Mort du général iranien Soleimani: un tournant pour la politique américaine au Moyen-Orient? (Clément Therme)

Clément Therme est chercheur post-doctorant au sein de l’équipe « Nuclear Knowledges » du Centre de recherches internationales (CERI) de Sciences Po Paris. Cette recherche a reçu le soutien financier du projet « De la vulnérabilité politique à l’âge nucléaire (VULPAN) » de l’Agence nationale de la recherche (ANR). Il a notamment dirigé l’ouvrage L’Iran et ses rivaux. Entre nation et révolution à paraître chez Passés composés en février 2020.

Le 3 janvier 2020, les Etats-Unis ont réalisé une opération en Irak conduisant à la mort due général iranien Soleimani, chef de la force Al Qods. Clément Therme indique les enjeux de cette opération et de ses résultats.

EAP : quels sont les enjeux stratégiques pour les Etats-Unis d’une telle opération? Peuvent-ils contrer l’influence de l’Iran et de ses partenaires russes, syriens et libanais dans la région?

Clément Therme : il s’agit pour l’Administration Trump d’afficher un succès pour sa stratégie de « pressions maximales » contre l’Iran qui a depuis deux ans surtout conduit à l’appauvrissement de la population iranienne et n’a permis ni une démocratisation du pays ni un changement dans la stratégie nucléaire ou la politique régionale du pays. Ce coup d’éclat s’explique aussi par la perception de contrer la politique régionale iranienne en élimant l’un des principaux stratèges impliqués dans la mise en œuvre d’une politique décidée par le Guide suprême l’ayatollah Khamenei. Les partenaires russes, syriens et libanais de la République islamique se nourrissent comme la République islamique des sentiments anti-américains au Moyen-Orient. La Russie va chercher à se positionner comme une puissance médiatrice pour éviter que la confrontation militaire irano-américaine ne débouche sur un conflit militaire ouvert entre les deux pays. Cette volonté de préserver le statu quo va être un facteur important dans la décision iranienne de répondre militairement à l’élimination du Général Qassem Souleimani par les forces militaires américaines. Un autre élément important sera la volonté de la Chine de préserver le statu quo et d’éviter une escalade militaire dans le golfe Persique.

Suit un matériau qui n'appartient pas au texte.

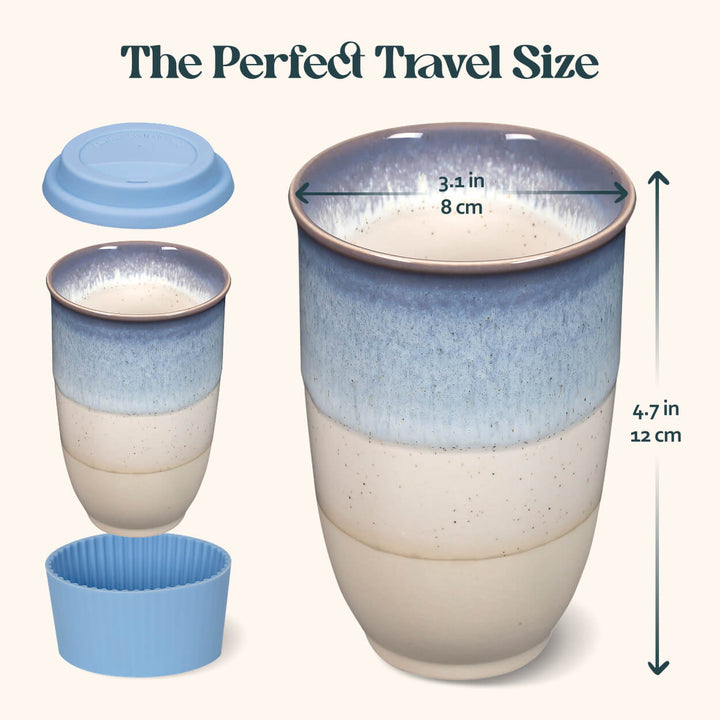 Blue and beige ceramic travel mug with measurements on a white background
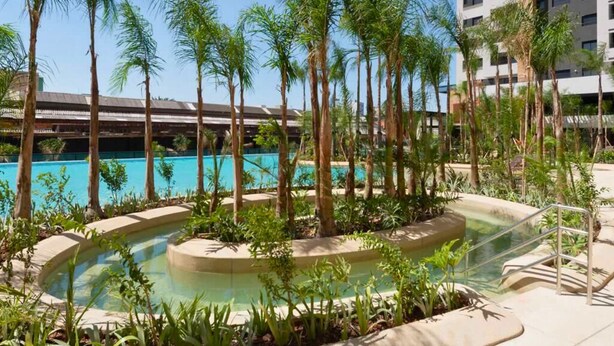 A pool area with palm trees and a building in the background. - AP Estilo Resort SPA in downtown São Paulo, 24th floor, across from Brás metro station, for up to 5 people. (São Paulo)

EAP : quelles sont les conséquences possibles de cette opération et de cette mort sur la vie politique iranienne? Notamment dans la perspective des présidentielles de 2021?

Clément Therme : cela produit une unité des factions politiques qui se partagent le pouvoir au sein de l’architecture institutionnelle complexe de la République islamique. L’escalade militaire américaine contribue à souder les factions qui auparavant avaient des opinions divergentes sur la politique régionale de l’Iran. Pour les factions « modérées » et le gouvernement du Président Rouhani les relations de la République islamique étaient plus un moyen de négocier l’influence de l’Iran avec l’Occident alors que les factions conservatrices, la construction d’un réseau d’influence idéologique, sécuritaire et économique au Moyen-Orient était une fin en soi. Désormais toutes les factions s’accordent pour préparer une réponse militaire face à l’opération militaire américaine ayant conduit à l’élimination de Souleimani.

EAP : cette opération annonce-t-elle un changement de cap dans la politique iranienne des Etats-Unis? 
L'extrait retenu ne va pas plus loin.